» WORK INSTRUCTION
In how many lines of the material below does the string "Short" appear? Answer with a single number.

"""

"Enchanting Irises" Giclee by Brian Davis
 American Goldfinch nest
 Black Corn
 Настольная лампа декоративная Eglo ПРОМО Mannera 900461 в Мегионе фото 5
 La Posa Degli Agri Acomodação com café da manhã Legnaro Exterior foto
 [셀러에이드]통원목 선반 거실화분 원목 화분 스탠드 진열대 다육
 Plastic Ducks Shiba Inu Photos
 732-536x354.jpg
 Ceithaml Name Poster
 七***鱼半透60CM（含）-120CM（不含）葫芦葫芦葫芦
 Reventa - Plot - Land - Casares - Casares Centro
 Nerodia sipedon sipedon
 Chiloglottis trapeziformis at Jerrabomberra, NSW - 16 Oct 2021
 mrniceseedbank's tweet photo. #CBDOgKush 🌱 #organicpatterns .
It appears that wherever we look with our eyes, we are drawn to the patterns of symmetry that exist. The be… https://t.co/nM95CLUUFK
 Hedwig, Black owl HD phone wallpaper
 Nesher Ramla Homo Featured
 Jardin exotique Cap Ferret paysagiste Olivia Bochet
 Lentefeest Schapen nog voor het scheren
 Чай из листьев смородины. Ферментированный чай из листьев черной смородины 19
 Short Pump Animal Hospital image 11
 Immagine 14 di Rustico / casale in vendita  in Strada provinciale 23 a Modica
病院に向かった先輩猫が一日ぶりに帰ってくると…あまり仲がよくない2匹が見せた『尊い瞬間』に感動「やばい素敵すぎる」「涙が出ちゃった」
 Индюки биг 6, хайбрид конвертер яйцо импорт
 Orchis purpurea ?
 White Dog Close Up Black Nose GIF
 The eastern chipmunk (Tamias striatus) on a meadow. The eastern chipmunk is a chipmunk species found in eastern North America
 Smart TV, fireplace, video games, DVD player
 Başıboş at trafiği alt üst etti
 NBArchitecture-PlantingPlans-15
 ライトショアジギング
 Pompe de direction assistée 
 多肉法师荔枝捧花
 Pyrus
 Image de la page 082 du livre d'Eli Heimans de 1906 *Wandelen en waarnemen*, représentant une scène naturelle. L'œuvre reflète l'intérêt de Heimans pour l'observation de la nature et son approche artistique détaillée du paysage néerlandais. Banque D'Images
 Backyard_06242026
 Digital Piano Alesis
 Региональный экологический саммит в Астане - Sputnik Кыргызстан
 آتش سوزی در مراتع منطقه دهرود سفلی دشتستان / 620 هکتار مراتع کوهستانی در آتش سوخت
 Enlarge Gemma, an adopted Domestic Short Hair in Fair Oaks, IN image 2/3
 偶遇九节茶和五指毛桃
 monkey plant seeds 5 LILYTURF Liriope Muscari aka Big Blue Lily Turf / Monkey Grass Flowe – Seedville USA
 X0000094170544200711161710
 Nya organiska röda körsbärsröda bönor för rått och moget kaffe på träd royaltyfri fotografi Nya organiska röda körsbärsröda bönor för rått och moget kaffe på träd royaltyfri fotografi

"""

» EXPECTED ANSWER
2